WHAT THE TASK REQUIRES >>
Retype exactly what appears below from the line containing "Osem - Couscous Traditional Box (340g)" down to the line containing "Chichaqu Classic cotton sweatshorts", keeping both end lines. Do not include pictures.

INFORMATION GIVEN >>
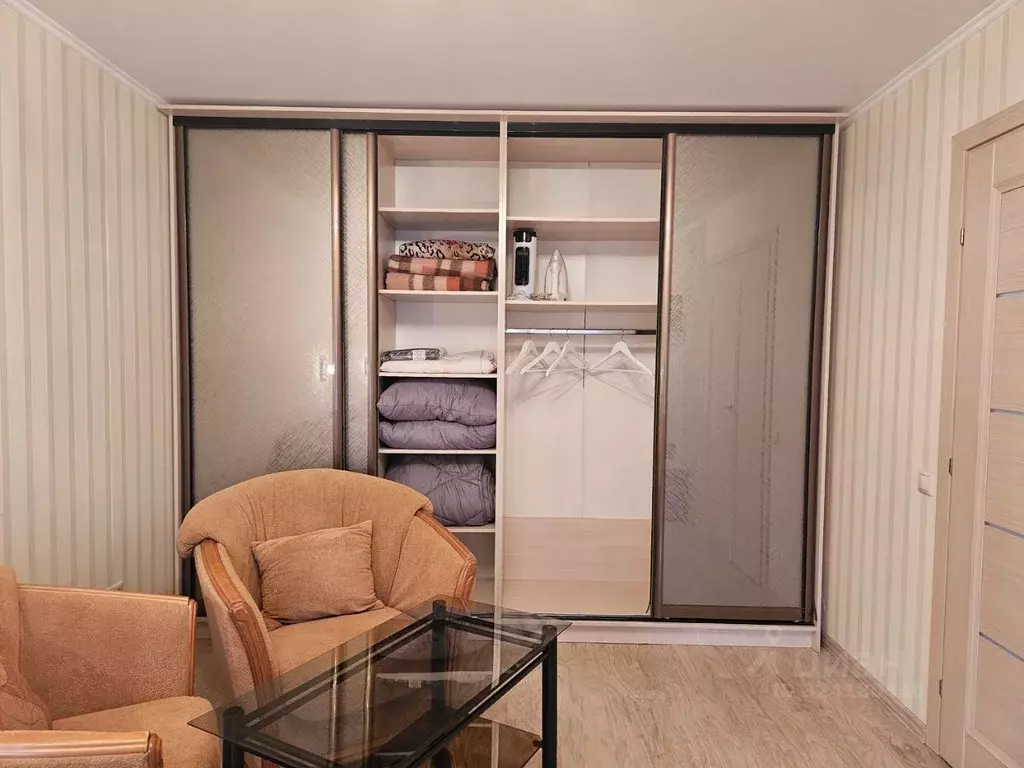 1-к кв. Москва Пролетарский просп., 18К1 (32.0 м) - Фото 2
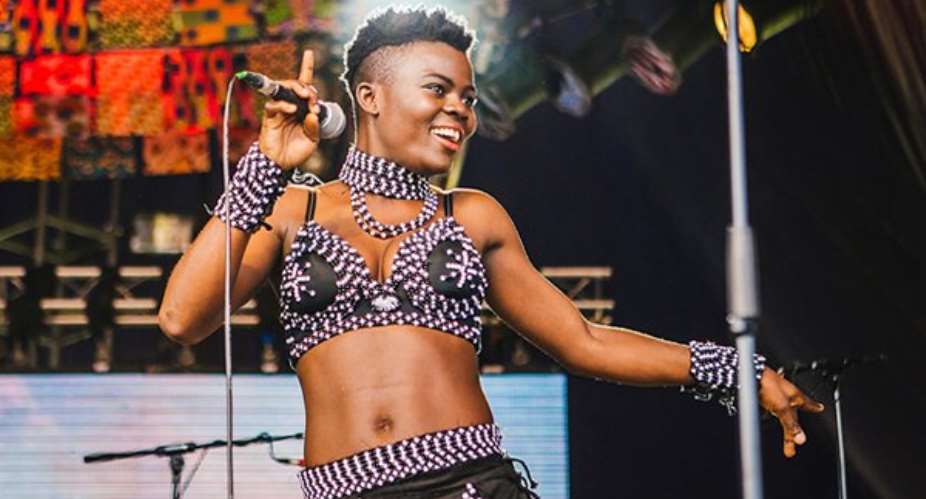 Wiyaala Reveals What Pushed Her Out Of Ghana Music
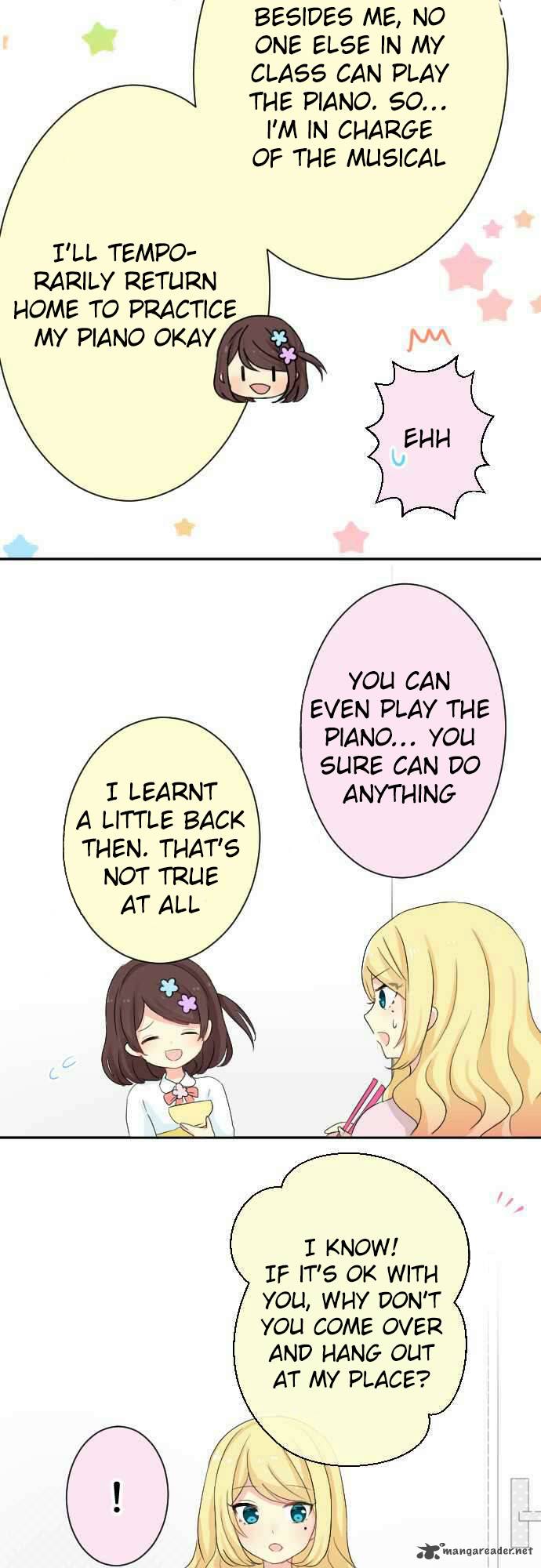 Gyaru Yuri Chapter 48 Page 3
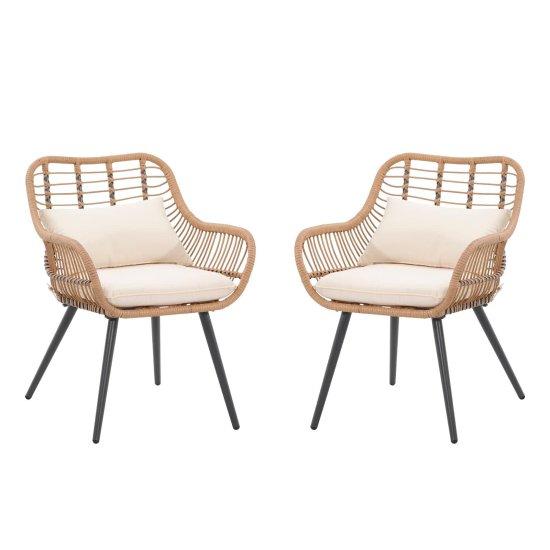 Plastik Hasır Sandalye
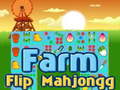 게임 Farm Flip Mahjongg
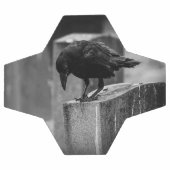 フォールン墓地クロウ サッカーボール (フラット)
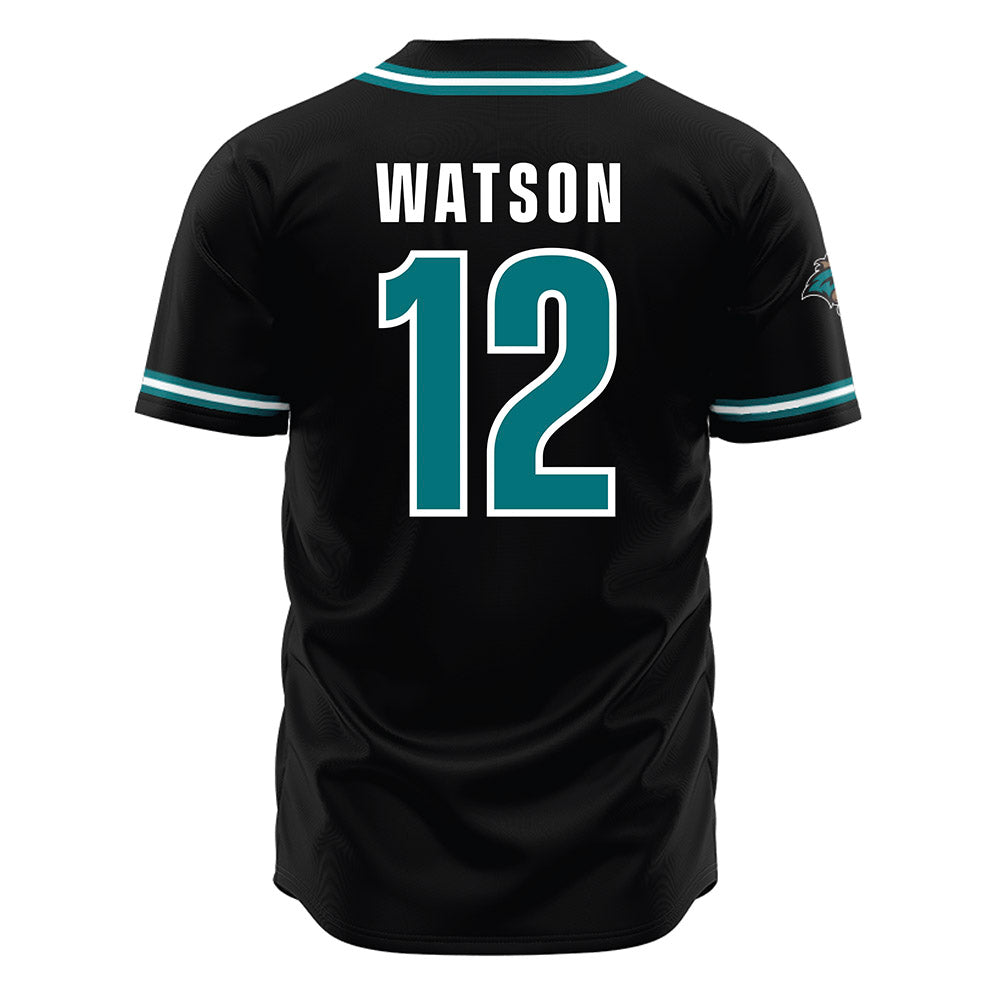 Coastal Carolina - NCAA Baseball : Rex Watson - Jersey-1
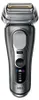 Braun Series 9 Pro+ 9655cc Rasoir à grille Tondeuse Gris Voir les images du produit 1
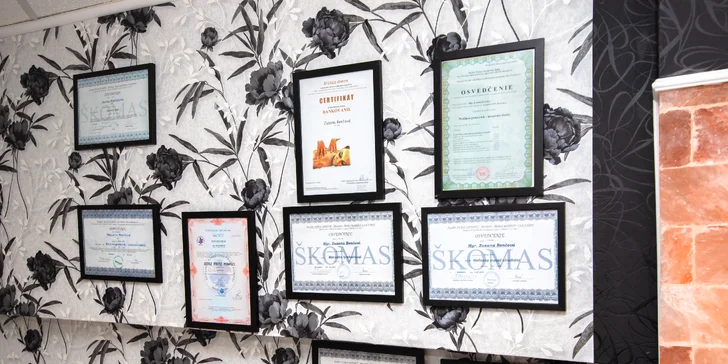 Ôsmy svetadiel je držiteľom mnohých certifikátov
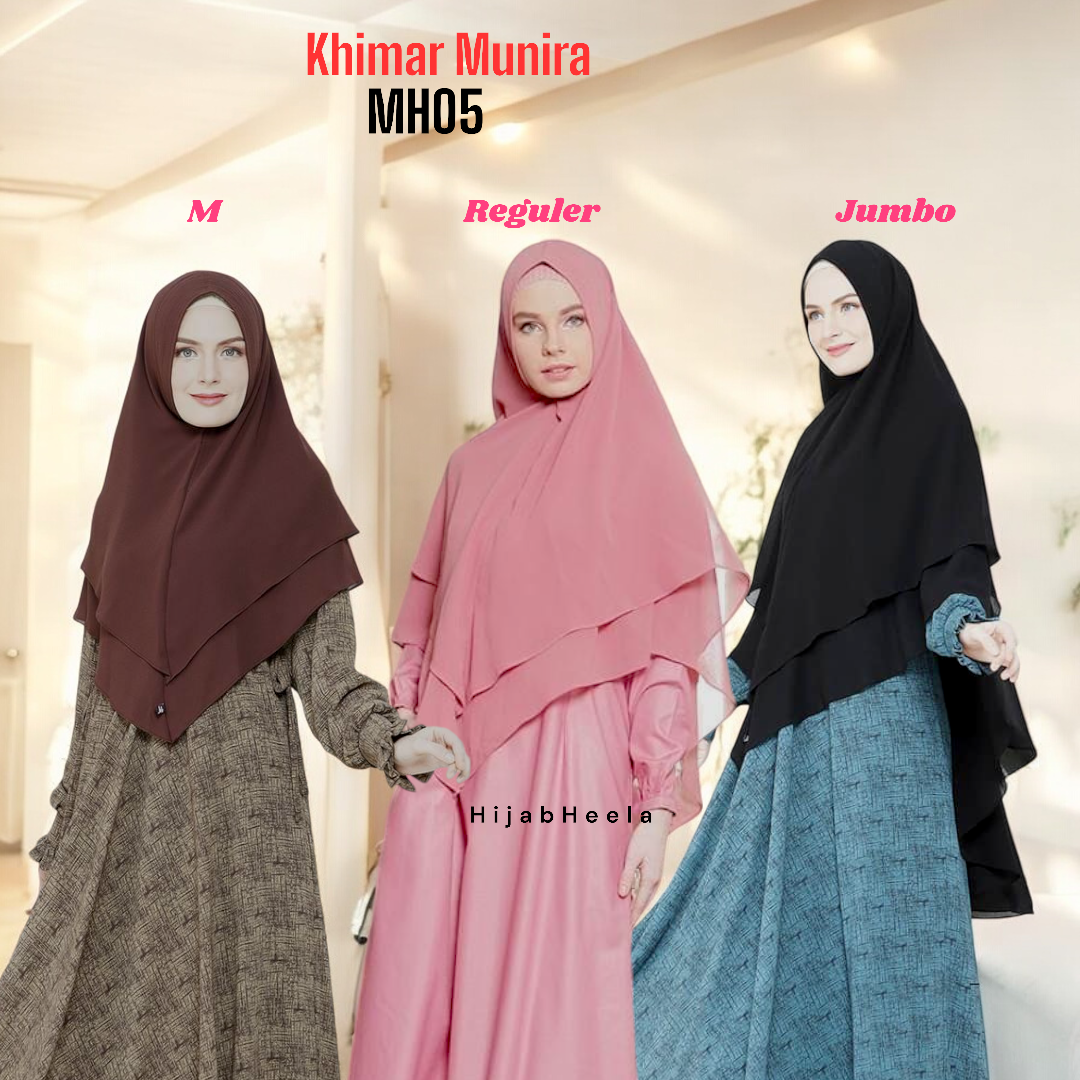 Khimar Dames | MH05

---

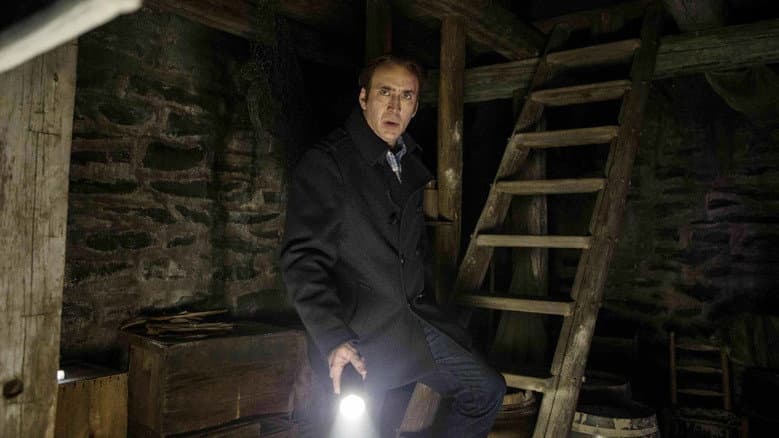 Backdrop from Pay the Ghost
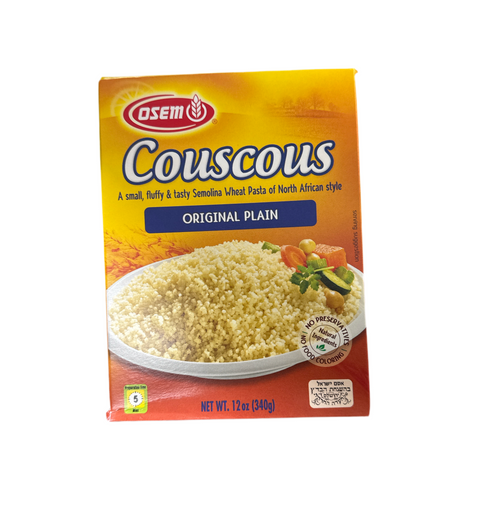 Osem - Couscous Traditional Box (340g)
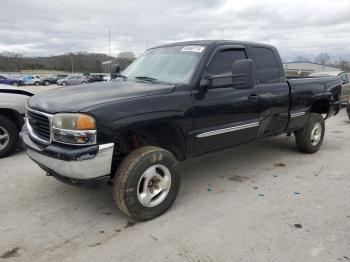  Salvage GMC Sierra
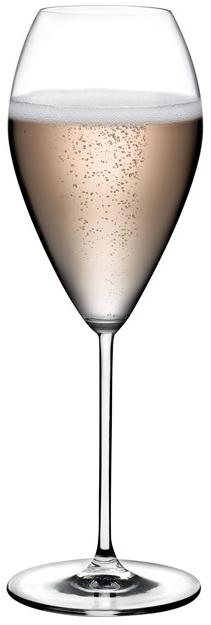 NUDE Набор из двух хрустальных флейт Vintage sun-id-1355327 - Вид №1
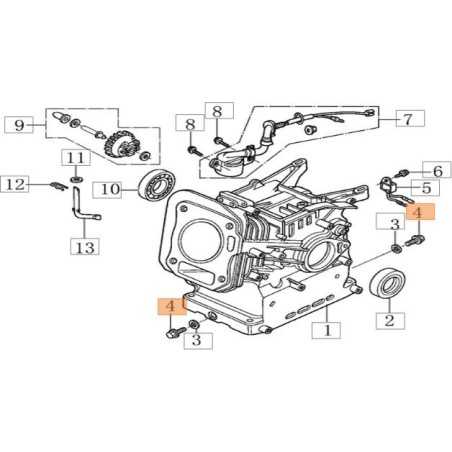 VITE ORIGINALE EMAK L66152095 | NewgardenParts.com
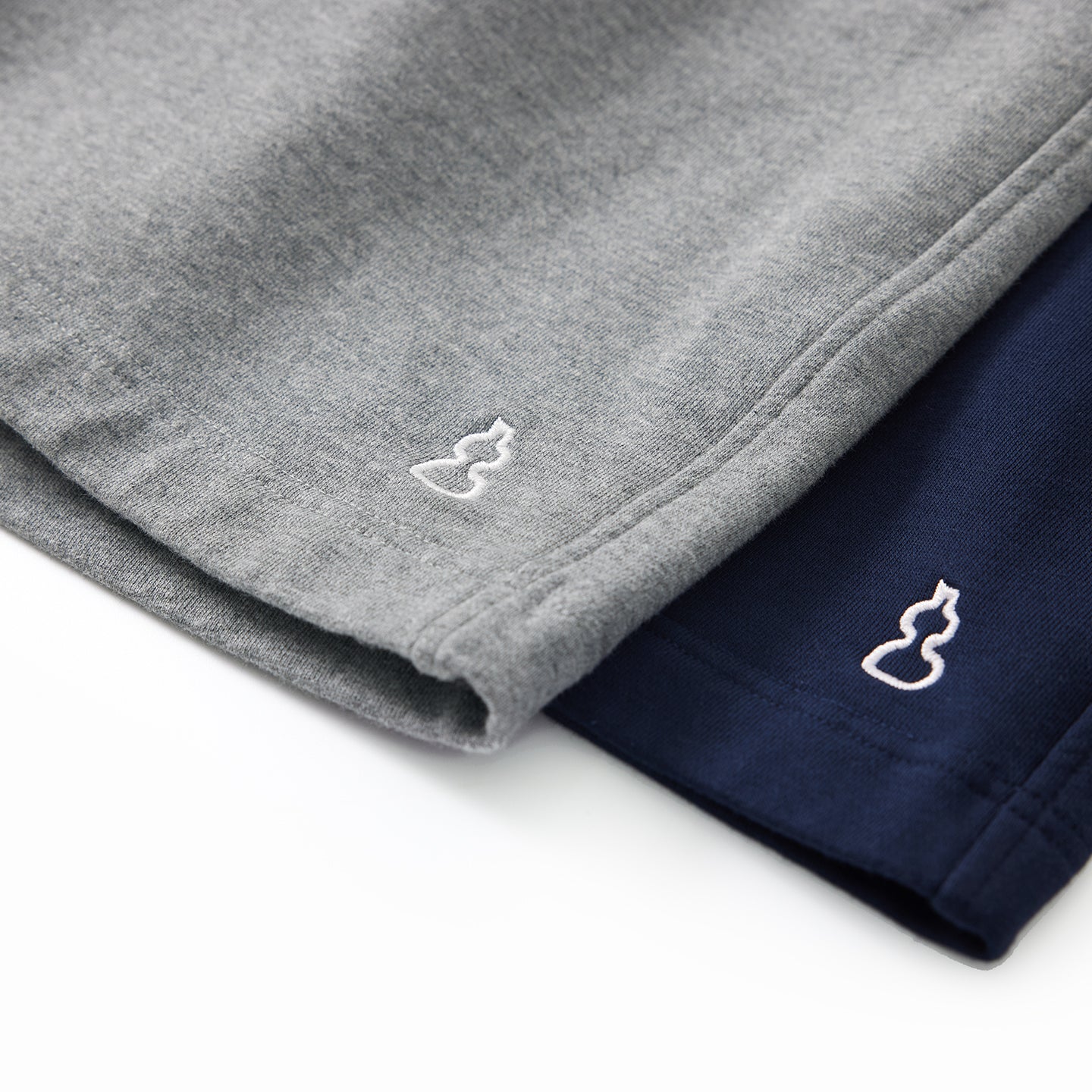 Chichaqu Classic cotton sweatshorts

SOLUTION TO THIS TASK >>
 Osem - Couscous Traditional Box (340g)
  Salvage GMC Sierra
 NUDE Набор из двух хрустальных флейт Vintage sun-id-1355327 - Вид №1
 VITE ORIGINALE EMAK L66152095 | NewgardenParts.com
 Chichaqu Classic cotton sweatshorts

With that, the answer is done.